==== Data supplied

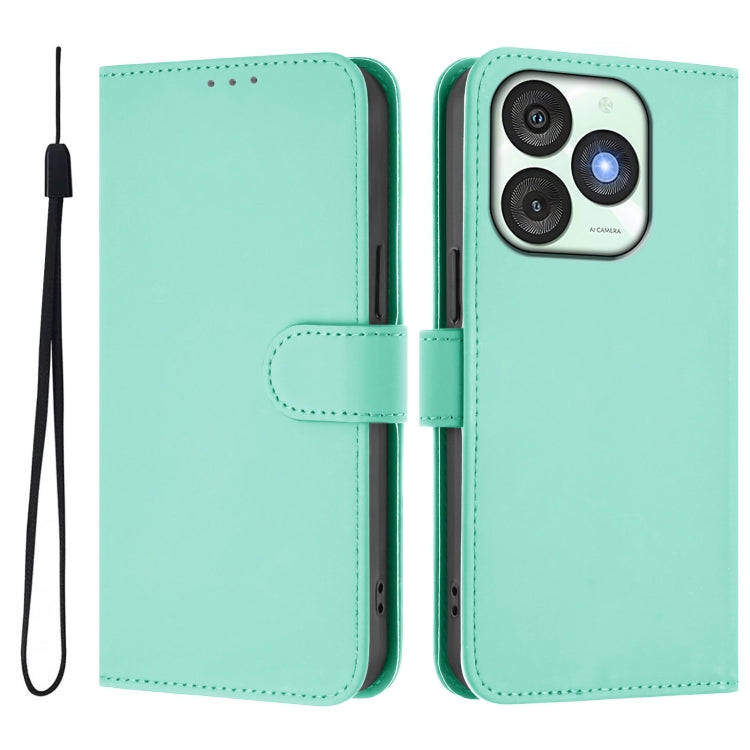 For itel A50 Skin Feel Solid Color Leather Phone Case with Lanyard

========
==== Data supplied

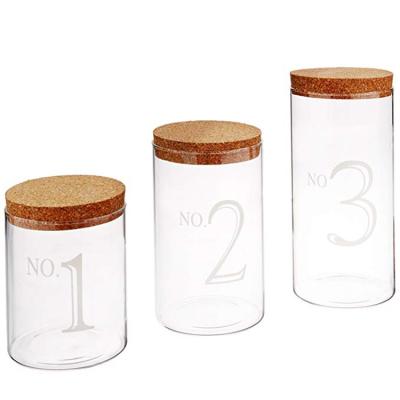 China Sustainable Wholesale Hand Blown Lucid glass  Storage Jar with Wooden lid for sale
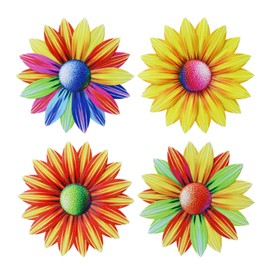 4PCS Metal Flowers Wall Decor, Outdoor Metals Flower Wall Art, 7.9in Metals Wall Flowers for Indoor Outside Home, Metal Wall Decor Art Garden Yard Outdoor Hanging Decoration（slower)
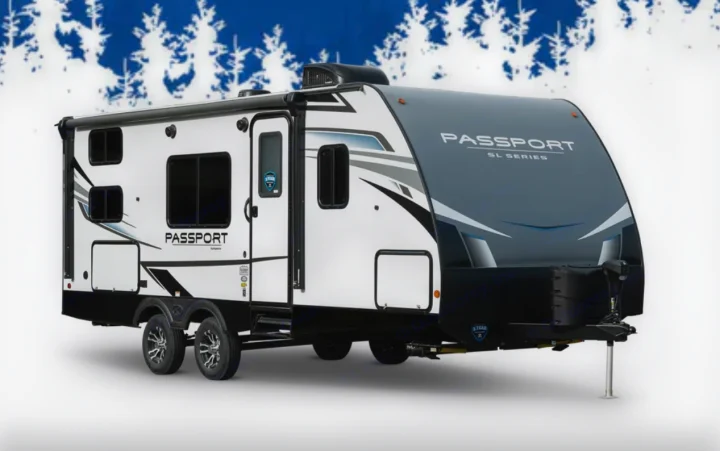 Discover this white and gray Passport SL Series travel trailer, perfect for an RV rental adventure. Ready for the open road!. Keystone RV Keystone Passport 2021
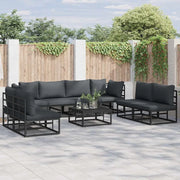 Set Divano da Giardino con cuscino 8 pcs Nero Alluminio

========
==== Data supplied

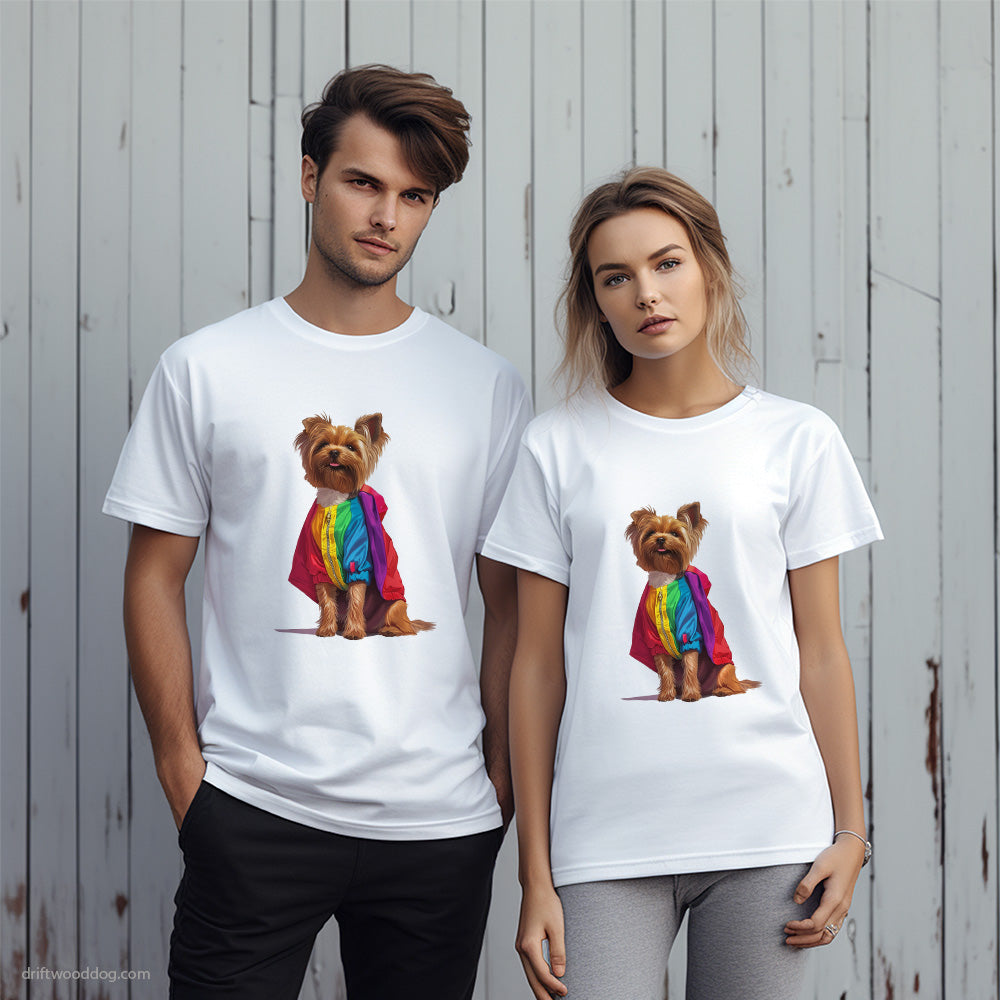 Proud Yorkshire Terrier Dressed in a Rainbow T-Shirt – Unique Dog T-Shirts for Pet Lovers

========

◆ What the task asks: Look above for the line with "Discover this white"; quote it and every line after it, stopping after the line with "Set Divano da", exactly, with nothing added and without pictures.

◆ Worked solution:
 Discover this white and gray Passport SL Series travel trailer, perfect for an RV rental adventure. Ready for the open road!. Keystone RV Keystone Passport 2021
 Set Divano da Giardino con cuscino 8 pcs Nero Alluminio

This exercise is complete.